- **Exercise objective**
Copy out all of the data word for word. Omit every picture.

- **Stored data**
-------------------------
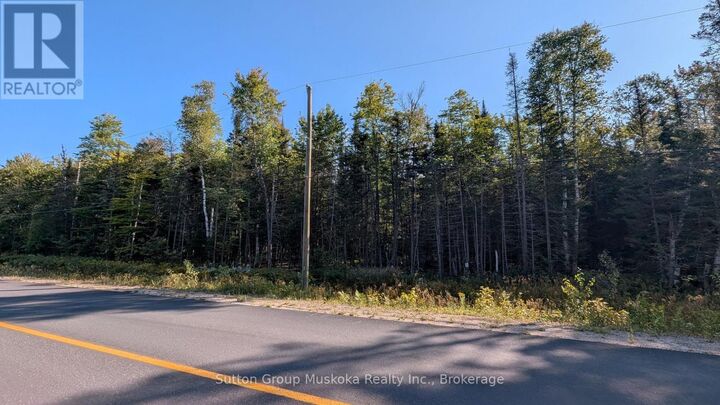 Property Photo:  Part 2 Berriedale Road  ON P0A 1C0 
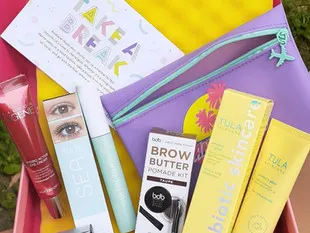REVIEW: Ipsy Glam Bag Plus July 2020 - What's In This Month's Bag?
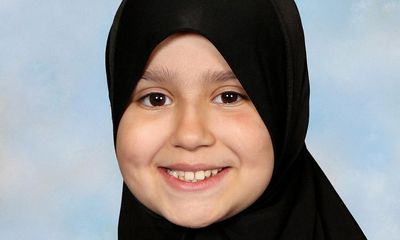 Father of 10-year-old Sara Sharif told police he had killed her, court hears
-------------------------
- **Problem solution**
 Property Photo:  Part 2 Berriedale Road  ON P0A 1C0 
REVIEW: Ipsy Glam Bag Plus July 2020 - What's In This Month's Bag?
 Father of 10-year-old Sara Sharif told police he had killed her, court hears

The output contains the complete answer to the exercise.